Happy where he is

I just had a conversation with a friend who’s happy where he is. There’s nothing wrong with that–and yet, the attitude he expressed got me to thinking.

Those of you who I keep up with know that I’ve been on something of an interesting streak this year. 2013 has been a year of more and better, a year of getting things done and of flying forwards. One of my objectives has been to find like-minded people–those who’re also looking to do more and better–and to engage them to consider how much more each of us could do with the involvement of others who care.
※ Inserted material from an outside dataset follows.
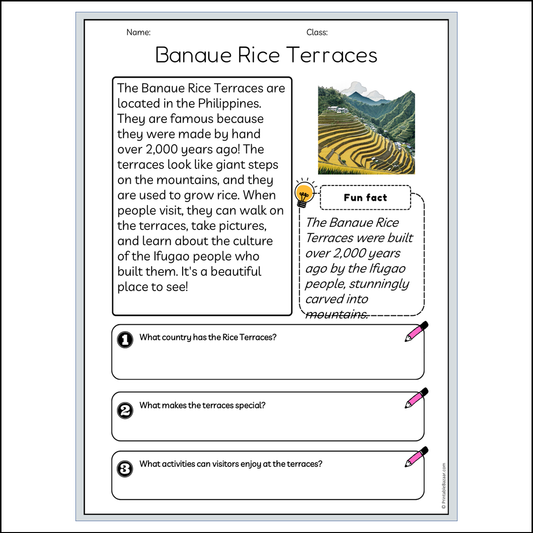 Banaue Rice Terraces | Reading Passage Comprehension Questions Writing Facts Worksheet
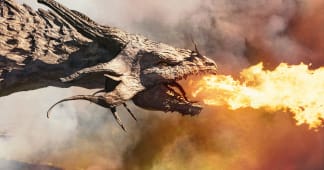 closeup of a dragon breathing fire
In the various conversations I’ve had with people over the last few months, some have expressed more and some less interest in terms of wanting to achieve more, or in setting goals or trying a different way of approaching things. And I’ve been fine with that, because this has been one cause where I don’t want to enlist the unwilling. In this year’s grand effort to better understand my friends, I see myself as enabling them to follow a different path if they already had the inclination, instead of doing any more heavy-handed influencing. I do of course think that my direction–forward–is better than the alternative (and no, there’s no such thing as staying in place in life), but I’m not yet engaged in trying to change people’s minds. To paraphrase the saying, you can only lead people to water.
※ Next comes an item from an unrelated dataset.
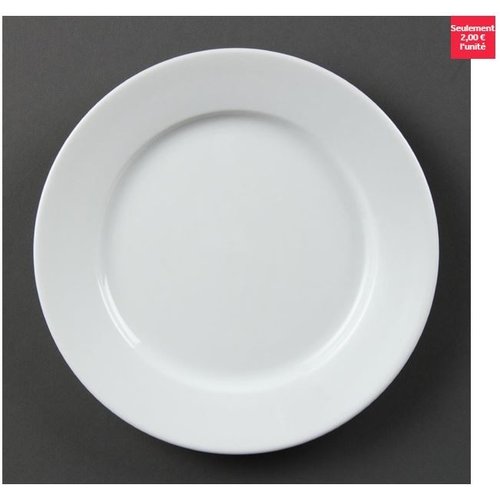  Olympia Assiettes à bord large blanches Olympia 202mm, lot de 12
Let me return to the story with which this post began. So I just met an old friend to catch up and, as with all other catch-ups this year, also to see what his near and long-term plans were. In response to a question of mine asking about if he had any goals on his bucket list, he commented that he was very happy with his life right now. Here’s where I should mention that he had just begun a relationship, and his significant other was also present at this catch-up.
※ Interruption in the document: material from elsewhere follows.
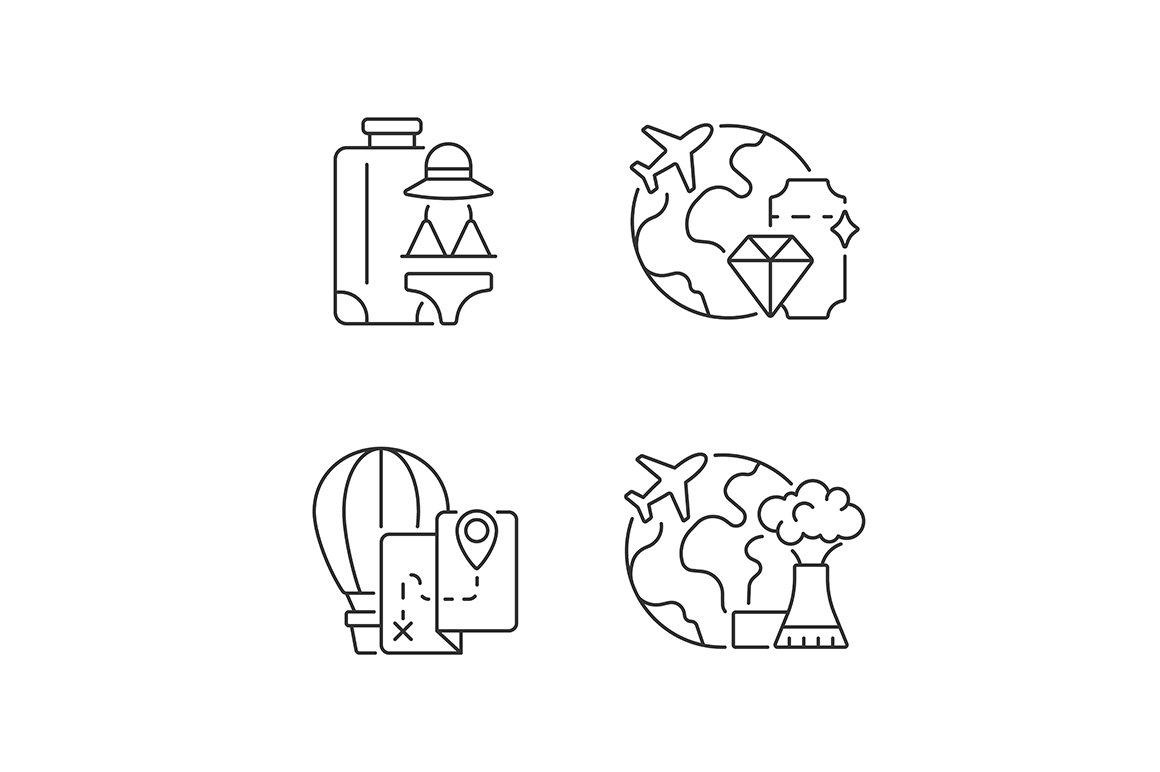 International travel linear icons cover image.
His response is what struck me as interesting, despite how he didn’t actually answer my question. He was very happy with his life right now–and by implication, he wasn’t looking for any more. He had all he (thought he) wanted, at least at present. His is a state that contrasts with mine in interesting ways. We’re both happy with life right now, yet I’m still looking for better. We’re both happy with life right now, but happiness as an emotion isn’t the goal in my life, and nor do I think it’s really the goal of his. The curious idea I was considering was that of people’s motivations–specifically, I was thinking about the idea that people only want one of three things: money, love, or to change the world. Is that the case here, that my friend has just been searching for love at this stage of his life, and that “explains” why he’s content where he is? I’m not sure the answer is that simple.

Lest I be misunderstood, I should note again that I take no issue with my friend’s current state of contentment and lack of interest in doing anything differently. I’m glad that he’s found happiness in the present and glad that his companion seems to be in some ways a potential inspiration to him. My remaining concern for him is because of the nature of happiness–that it’s an ephemeral state that’s powerful precisely because of its fleeting nature. When the intoxicating rush of early infatuation wears off and the need to craft a new dynamic sets in (that statement being based off the current science of love rather than opinion), I’m concerned that he’ll find himself right where he started; or in other words, if one has never learned how to be happy with oneself, and happiness then comes from without, what happens when the source of that happiness changes or disappears? It’s situations like these that remind me of the vital importance of learning how to be at peace with yourself and not having to use anything or anyone as a crutch. This has been one of my greatest concerns within my own relationship as well.

In the remaining time spent conversing this night, there was more bantering than true discussion, which I’ve found unfortunate about our conversations. I like banter, but not just for banter’s sake. Actual catching up was minimal, unfortunately, as I rather expected. But our connection was at least temporarily renewed, and I left the couple with my mind churning away with the ideas that inspired this post.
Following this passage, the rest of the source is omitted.